Start of EXTRACTED MATERIAL

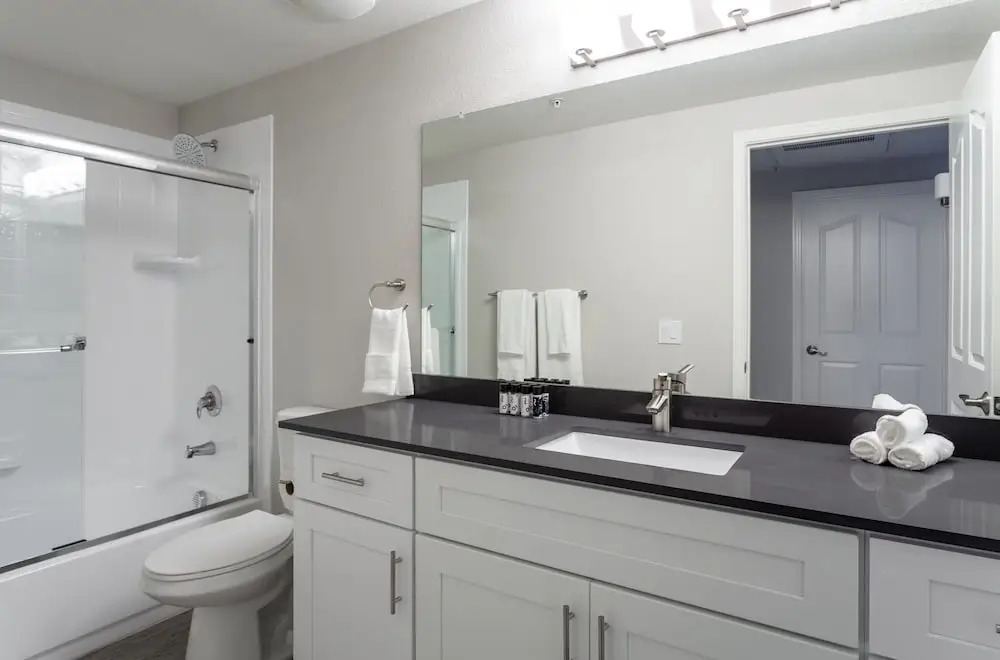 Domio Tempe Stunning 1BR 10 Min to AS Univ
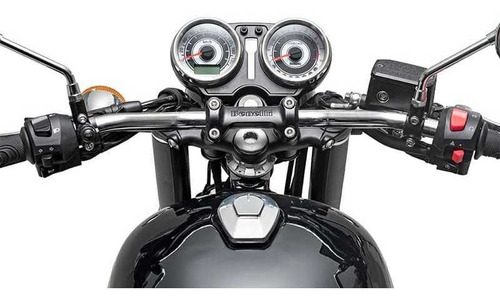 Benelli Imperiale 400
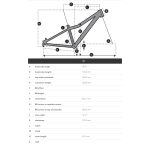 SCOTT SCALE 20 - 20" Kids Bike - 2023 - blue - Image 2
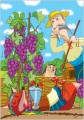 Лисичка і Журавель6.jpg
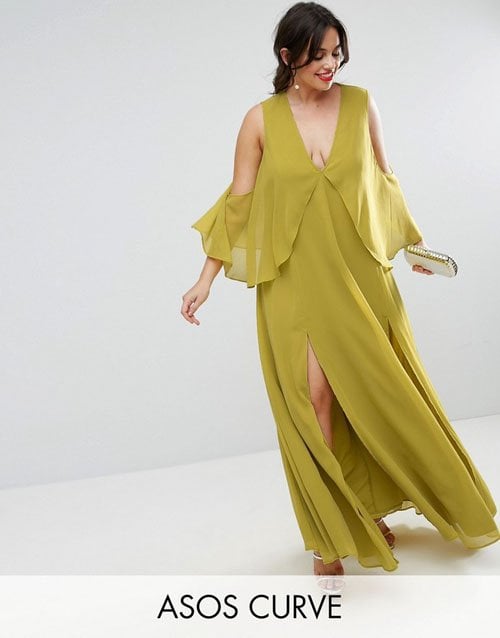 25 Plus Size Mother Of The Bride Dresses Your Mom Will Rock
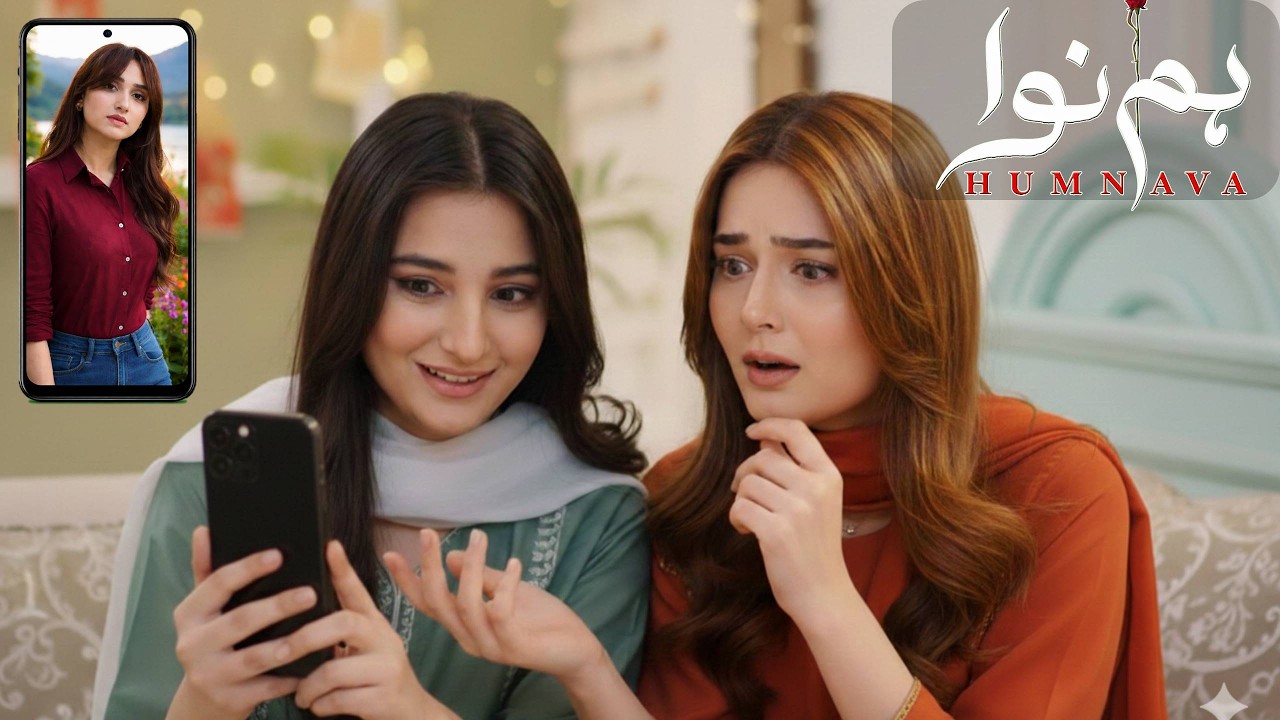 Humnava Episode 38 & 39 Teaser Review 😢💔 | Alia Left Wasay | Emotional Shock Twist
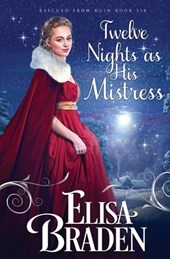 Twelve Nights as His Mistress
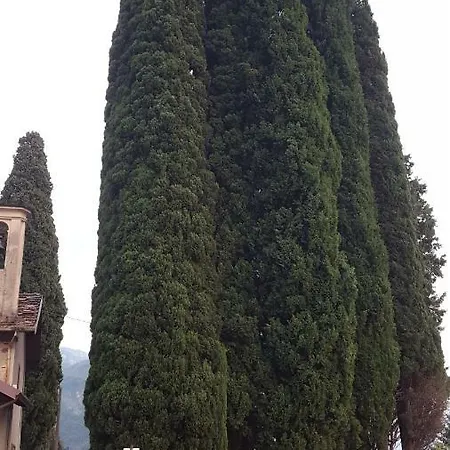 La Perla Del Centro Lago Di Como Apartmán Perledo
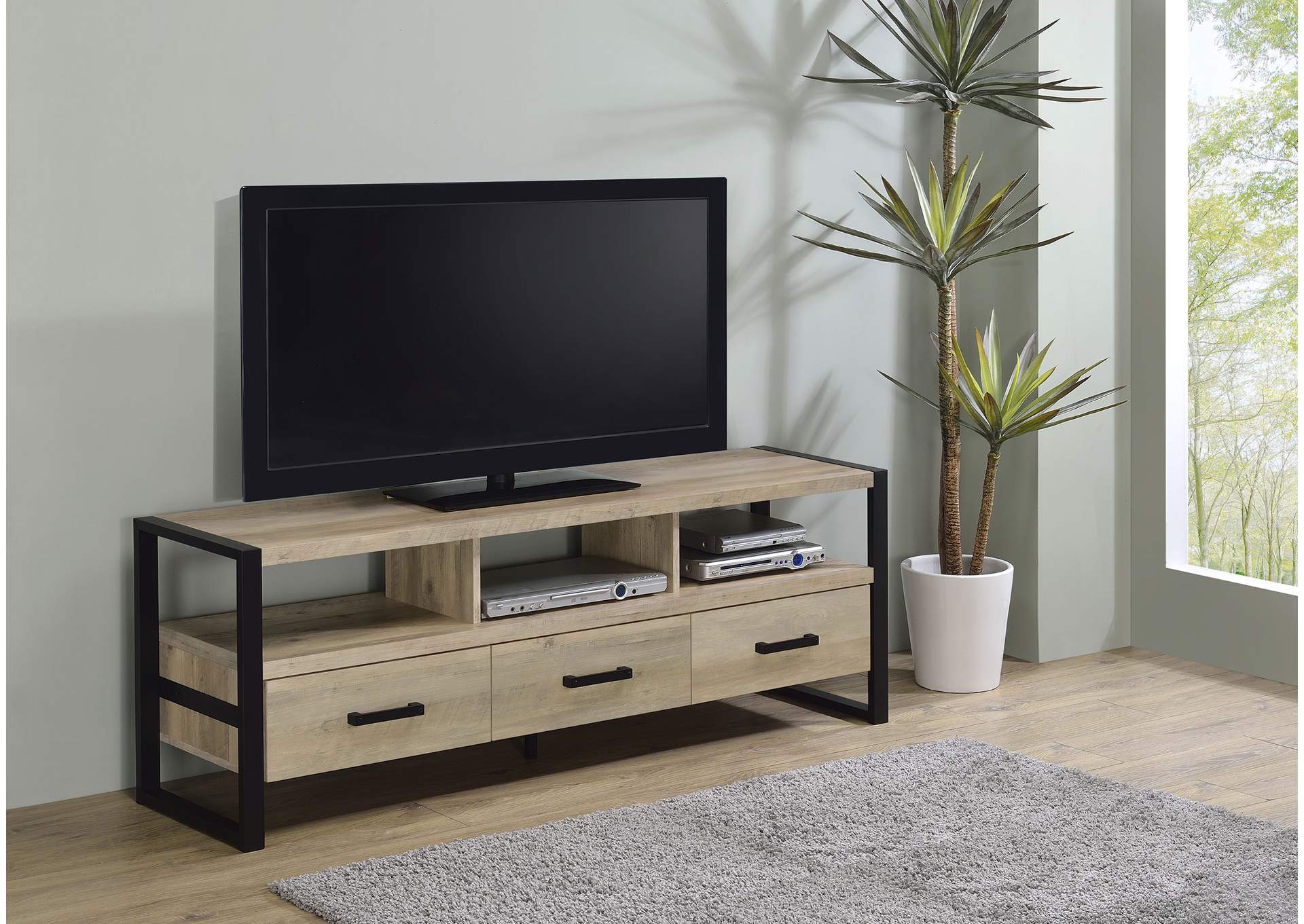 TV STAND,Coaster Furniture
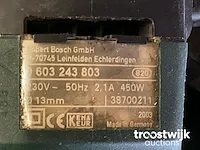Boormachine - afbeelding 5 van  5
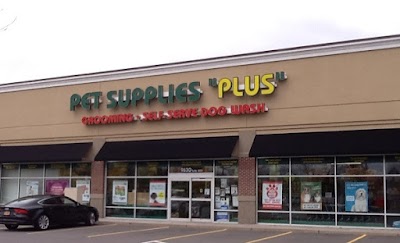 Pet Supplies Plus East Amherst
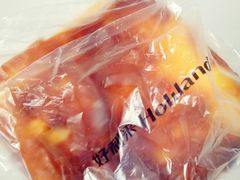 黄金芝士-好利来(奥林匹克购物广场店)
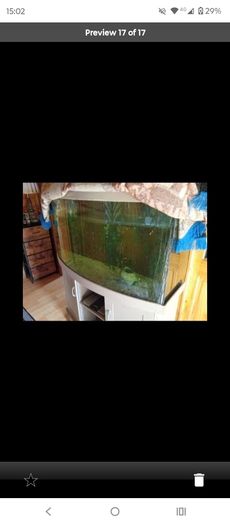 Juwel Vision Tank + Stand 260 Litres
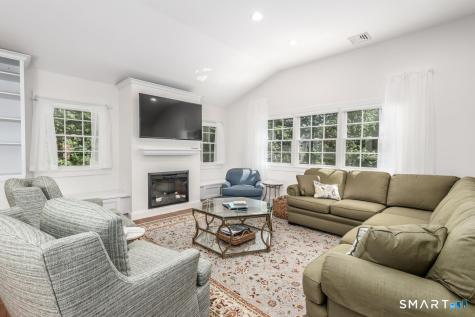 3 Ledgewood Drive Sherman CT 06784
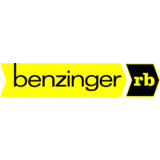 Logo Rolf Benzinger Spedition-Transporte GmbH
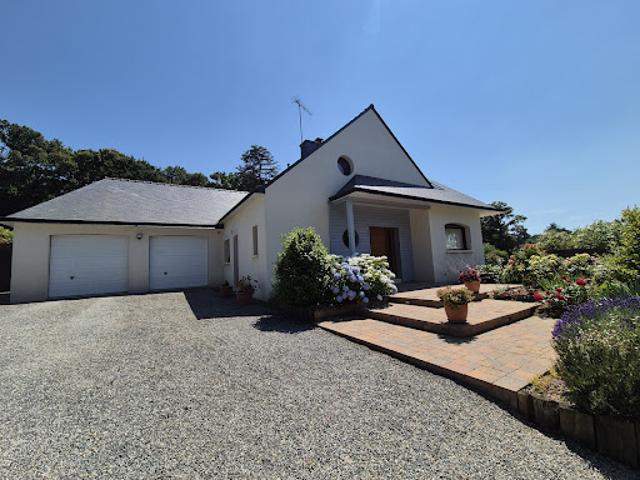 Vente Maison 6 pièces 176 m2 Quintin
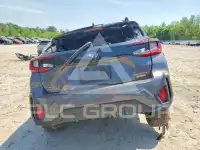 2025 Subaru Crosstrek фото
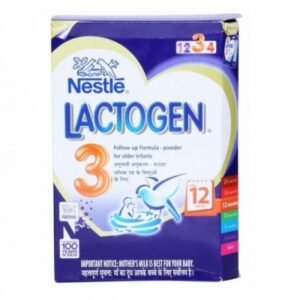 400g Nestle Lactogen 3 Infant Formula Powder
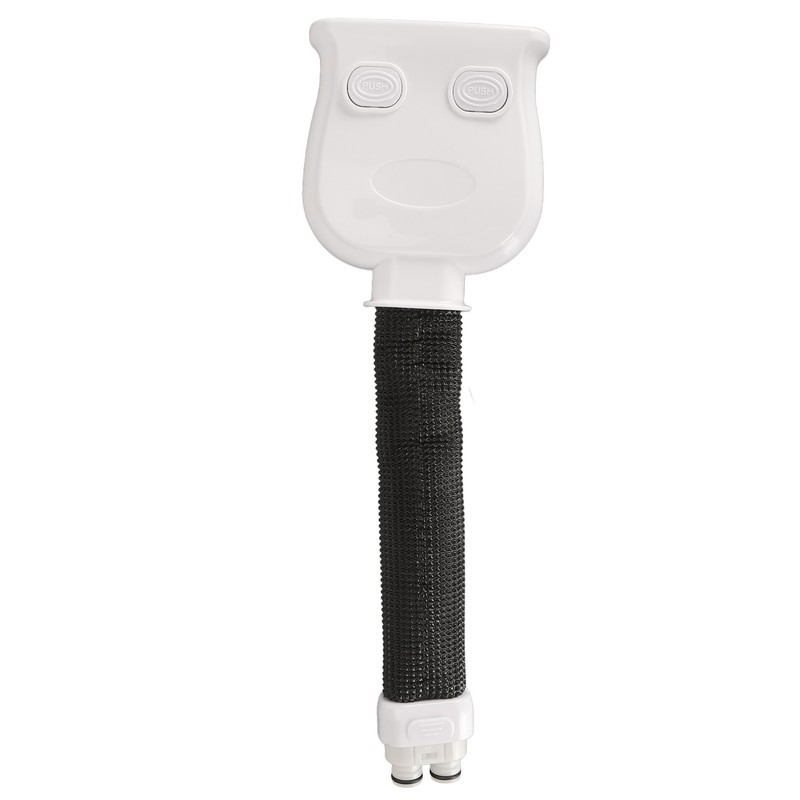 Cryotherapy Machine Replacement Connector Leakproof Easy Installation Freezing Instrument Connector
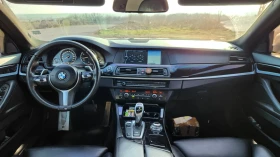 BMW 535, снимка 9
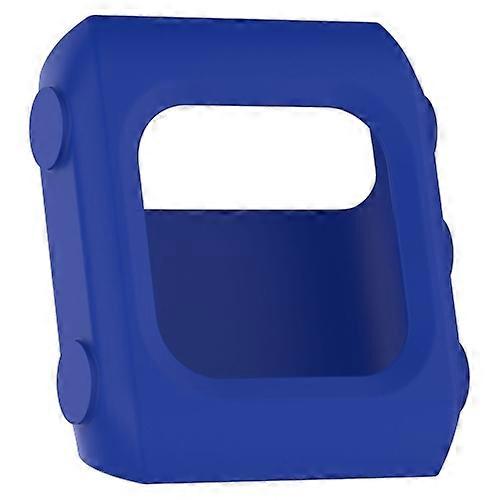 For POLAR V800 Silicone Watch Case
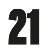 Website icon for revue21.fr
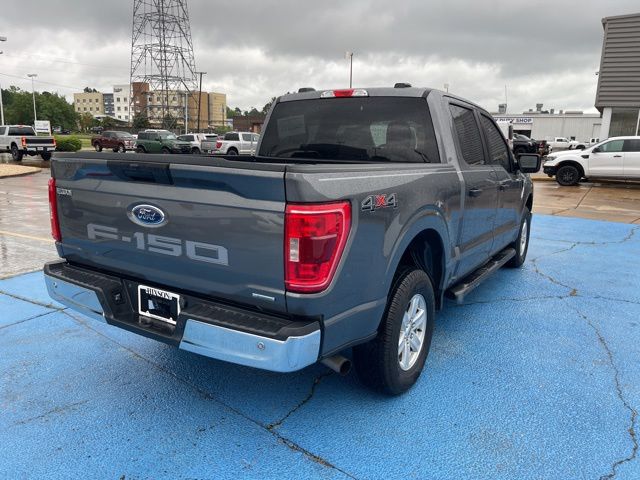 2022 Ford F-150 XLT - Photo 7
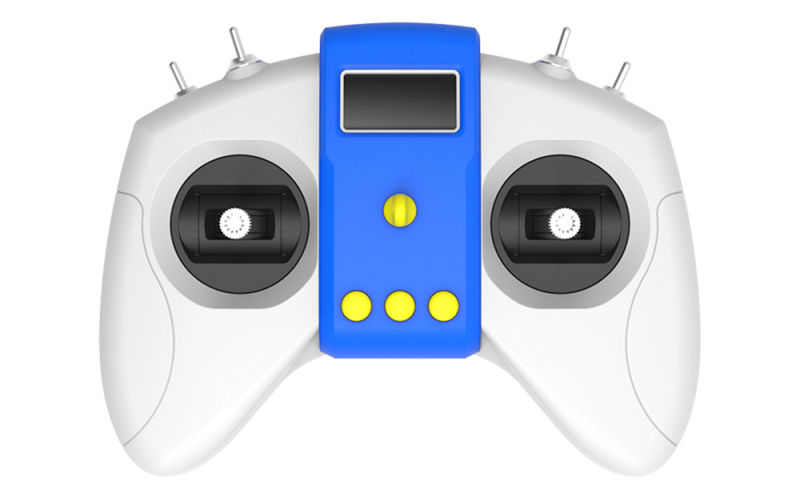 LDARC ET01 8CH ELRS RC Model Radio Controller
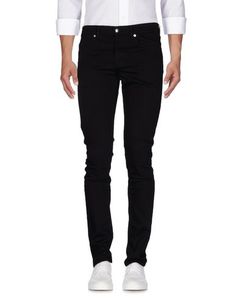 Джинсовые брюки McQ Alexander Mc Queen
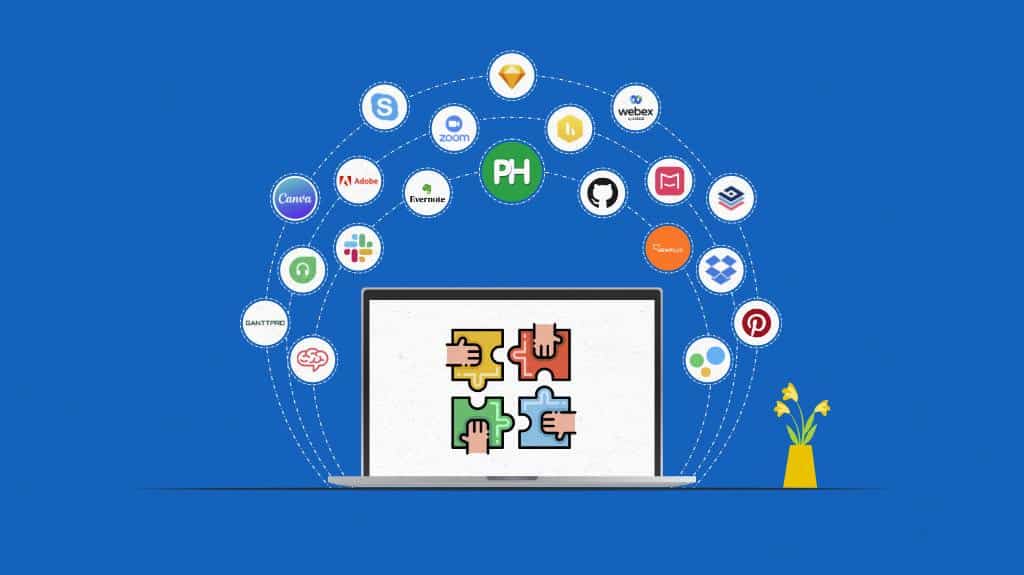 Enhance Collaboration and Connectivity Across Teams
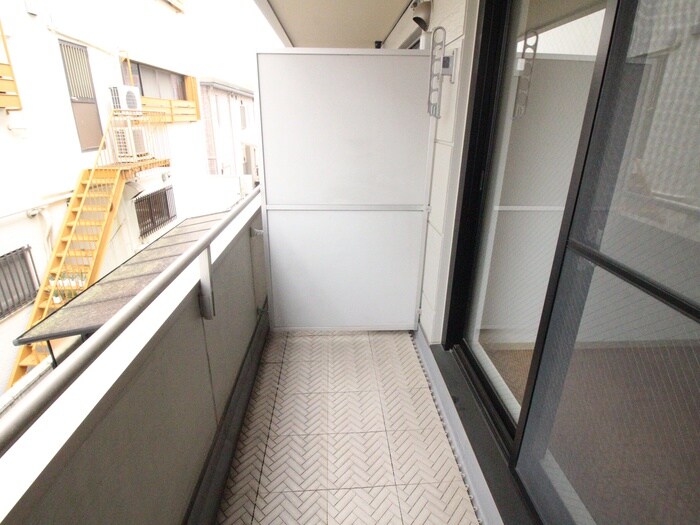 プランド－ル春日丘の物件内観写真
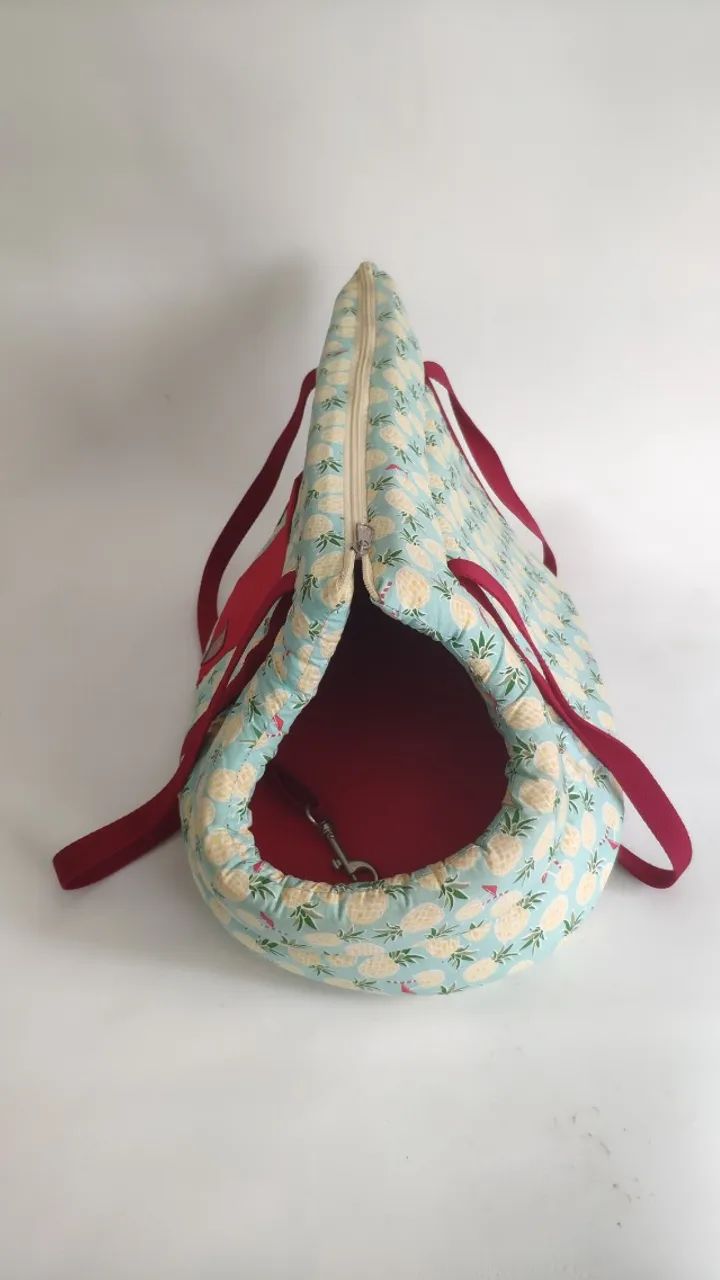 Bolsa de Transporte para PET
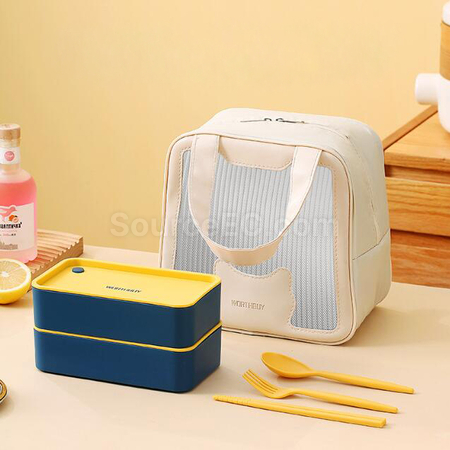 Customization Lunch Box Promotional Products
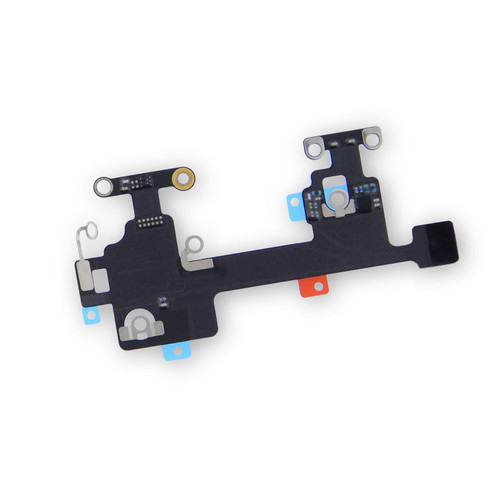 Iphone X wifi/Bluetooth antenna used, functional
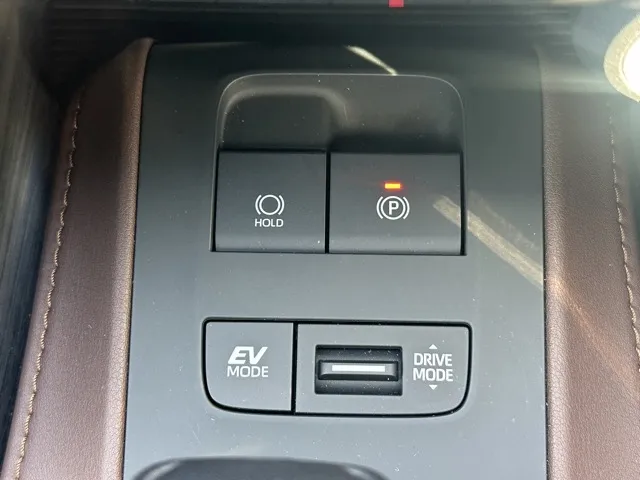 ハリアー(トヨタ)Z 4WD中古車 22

End of EXTRACTED MATERIAL

### WHAT THE TASK ASKS
Produce an exact copy of every line above, with the images left out.

### ANSWER TO THIS TASK
 Domio Tempe Stunning 1BR 10 Min to AS Univ
 Benelli Imperiale 400
 SCOTT SCALE 20 - 20" Kids Bike - 2023 - blue - Image 2
 Лисичка і Журавель6.jpg
 25 Plus Size Mother Of The Bride Dresses Your Mom Will Rock
 Humnava Episode 38 & 39 Teaser Review 😢💔 | Alia Left Wasay | Emotional Shock Twist
 Twelve Nights as His Mistress
 La Perla Del Centro Lago Di Como Apartmán Perledo
 TV STAND,Coaster Furniture
Boormachine - afbeelding 5 van  5
 Pet Supplies Plus East Amherst
 黄金芝士-好利来(奥林匹克购物广场店)
 Juwel Vision Tank + Stand 260 Litres
 3 Ledgewood Drive Sherman CT 06784
 Logo Rolf Benzinger Spedition-Transporte GmbH
 Vente Maison 6 pièces 176 m2 Quintin
 2025 Subaru Crosstrek фото
 400g Nestle Lactogen 3 Infant Formula Powder
 Cryotherapy Machine Replacement Connector Leakproof Easy Installation Freezing Instrument Connector
 BMW 535, снимка 9
 For POLAR V800 Silicone Watch Case
 Website icon for revue21.fr
 2022 Ford F-150 XLT - Photo 7
 LDARC ET01 8CH ELRS RC Model Radio Controller
 Джинсовые брюки McQ Alexander Mc Queen
 Enhance Collaboration and Connectivity Across Teams
 プランド－ル春日丘の物件内観写真
 Bolsa de Transporte para PET
 Customization Lunch Box Promotional Products
 Iphone X wifi/Bluetooth antenna used, functional
 ハリアー(トヨタ)Z 4WD中古車 22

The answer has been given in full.